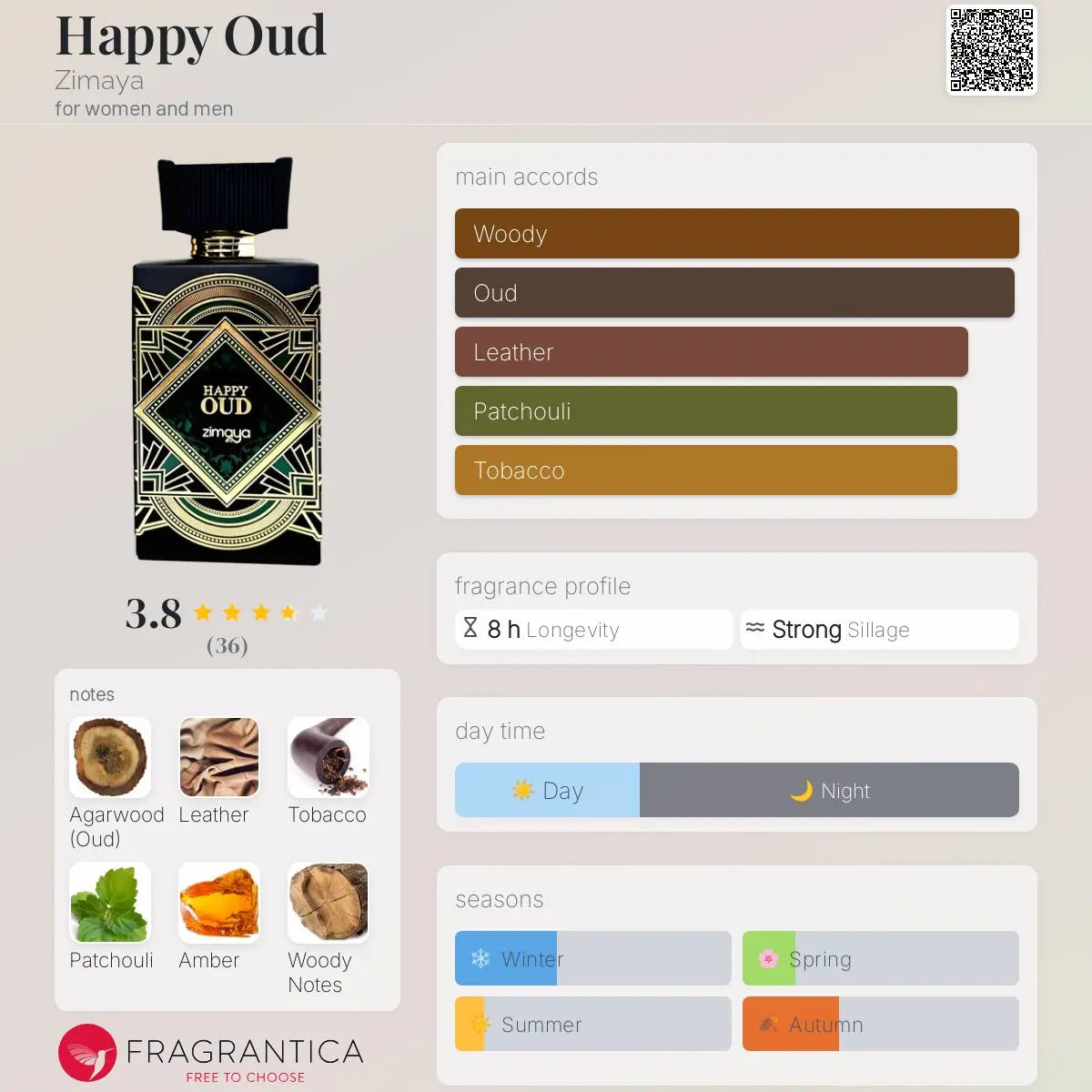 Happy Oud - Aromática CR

================================

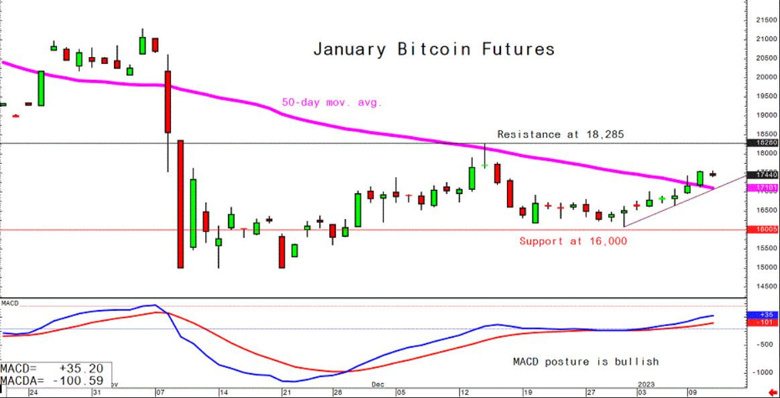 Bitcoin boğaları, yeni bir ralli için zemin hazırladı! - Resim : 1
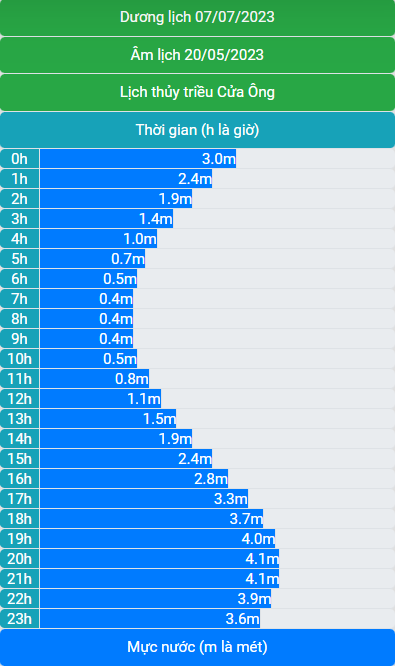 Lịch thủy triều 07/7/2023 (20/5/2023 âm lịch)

================================

> WHAT THIS TASK INVOLVES
Those lines of the records above that run from the one containing "Bitcoin boğaları, yeni" through the one containing "Lịch thủy triều" should be returned exactly, with no pictures among them.

> TASK OUTPUT
 Bitcoin boğaları, yeni bir ralli için zemin hazırladı! - Resim : 1
 Lịch thủy triều 07/7/2023 (20/5/2023 âm lịch)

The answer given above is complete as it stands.